For more information about timers, see the AppContext for library consumers section in AppContext Class.

Frequently asked questions

  • Does this change cause any harm if we also have UseNetCoreTimer enabled on all kinds of hardware?

    The timer fix is not currently enabled by default in any version of .NET Framework. We don't recommend that you change the default setting at the local level.

  • Are there any other known issues caused by the Pause Latency change in Skylake?

    The new Pause Latency measurement also consumes additional CPU time during startup. Typically, the value is about 10 ms of CPU time. The increased duration is considered to be necessary to get more reliable measurements and improve the ability to fix the issue. However, .NET Framework applications may also be short-running tools. The frequent use of such tools may cause greater CPU usage than before the fix was applied. This was considered to be an acceptable tradeoff in order to fix a larger problem and enable the fix by default in .NET Framework 4.8.

  • Is the Skylake Pause Latency fix guaranteed to solve my issue?

    No, the fix isn't guaranteed. There could be other, unrelated elements outside this issue that affect specific workload performance. The effectiveness of the fix is gated on measurement quality. There are bounds in use to make sure that we don't overscale spin counts in .NET Framework. However, bad measurements can occur when the VM is heavily loaded. This can prevent the fix from being effective. In the worst case (excluding the tradeoff that is mentioned in A2), this situation would be similar to the fix not being applied.

  • Do we have any guidance for support engineers about how we can detect that any perceived performance issue is caused by this change?

    You can determine this by profiling the application that's used. Comparing profiles that have similar loads between a pre-Skylake-based VM and a Skylake-based VM may show much more time relatively spent in clr!AwareLock::Contention on the Skylake VM. That would indicate that the pause delay fix would be useful if the VM runs on a Skylake processor.

For the timer fix, the call stack would show that clr!AwareLock::Contention is called by mscorlib.ni!System.Threading.TimerQueueTimer.Fire(). If the Fire() method or other methods on TimerQueueTimer are the primary source of contention, this would indicate that the timer fix would help.
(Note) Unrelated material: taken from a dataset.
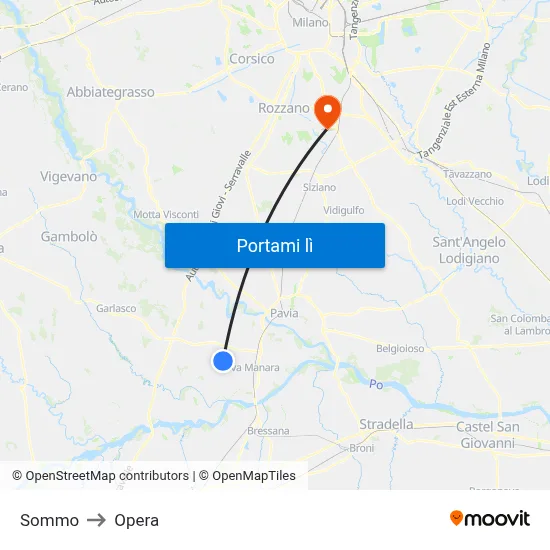Sommo to Opera map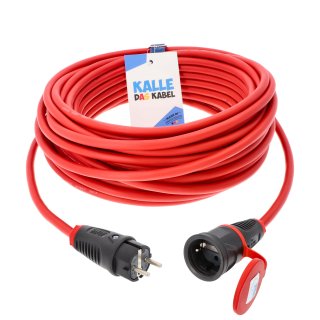 Kalle Verlängerungskabel Schuko 1,5mm² Gummi Rot IP54 20 Meter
It's also possible to monitor lock contention rates by using Performance Monitor. For more information, see the Contention Rate / Sec and Total # of Contentions entries for .NET CLR LocksAndThreads in the Lock and thread performance counters section in Performance Counters in the .NET Framework.

Third-party information disclaimer

The third-party products that this article discusses are manufactured by companies that are independent of Microsoft. Microsoft makes no warranty, implied or otherwise, about the performance or reliability of these products.